Climate change presents clear threats to national security. It threatens stability around the world. It will harm military readiness by threatening bases. It will directly threaten our homeland’s infrastructure. The American Security Project has been working to raise awareness of this threat for more than a decade, bringing retired senior military leaders around the country to talk about these threats.
But this is not just a group of think tanks and retired people. The military is aware of this threat, and has been preparing for it for more than a decade. They have issued a series of papers and planning documents detailing how climate change will impact their readiness and the global security situation. At the direction of this Congress, as passed as an amendment to the FY2018 National Defense Authorization Act, the military is acting on this threat. It is preparing a list of the most threatened bases at home and around the world. It is drafting way to prepare for an increase in humanitarian missions. It has tasked its bases to increase their energy and environmental resilience.

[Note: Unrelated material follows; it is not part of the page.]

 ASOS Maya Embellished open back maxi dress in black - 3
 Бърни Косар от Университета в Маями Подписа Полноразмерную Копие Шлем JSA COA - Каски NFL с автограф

Even the Trump Administration – led by a President who has questioned the scientific validity of climate change and has pulled the U.S. out of the Paris Agreement – released a scientific report, the fourth national climate report last fall showing how climate change is real, is happening now, and is caused by man-made greenhouse gas emissions.
All of this action shows that climate change is real, and we must address it. That’s why its so concerning that news came that the House of Representatives would vote on a resolution saying “that a carbon tax would be detrimental to the United States economy.” Alas, no one expects that this Congress will take meaningful action to place any sort of restrictions on greenhouse gas emissions. This resolution – while nonbinding – would politically constrain the Members of future Congresses. Of course
Beyond the political decision of whether to bind future Congresses, the very premise of the resolution is wrong. A carbon tax, in which the government collects revenue from polluting industries, does not necessarily harm the economy. It could, in fact, spark new industries and drive a cleaner economy. When paired with “carbon dividends” that are returned to the people, it would only harm the most polluting, while leaving the poor and less polluting better off. It could be paired with increases in scientific research that would create the industries of tomorrow.
In the future, Congress may determine that a carbon tax is not the best approach to deal with this threat. They may determine that the way forward is to double and triple down on clean energy innovation. They may determine that punishing polluters is the way to reduce emissions. They may promote a crash program to build the next generation of nuclear power plants as fast as possible. All these and more are possible solutions to the threat of climate change. The point is that this Congress should not prejudice future Congress’ actions in a meaningless, non binding resolution.
The warning lights are blinking red. Our Admirals, Generals, scientists, and intelligence professionals are warning us that the age of consequences is upon us. If this Congress refuses to heed the call to action, they should at least not build barriers to future action. Members of the House must oppose the Scalise Amendment, especially those who voted against last summer’s Perry Amendment – which kept language supporting military action on climate change in the bill. To acknowledge the problem, and ask for our military to do something about it, while opposing Congressional action, is irresponsible. It is time for a debate about solutions, not a debate about denial.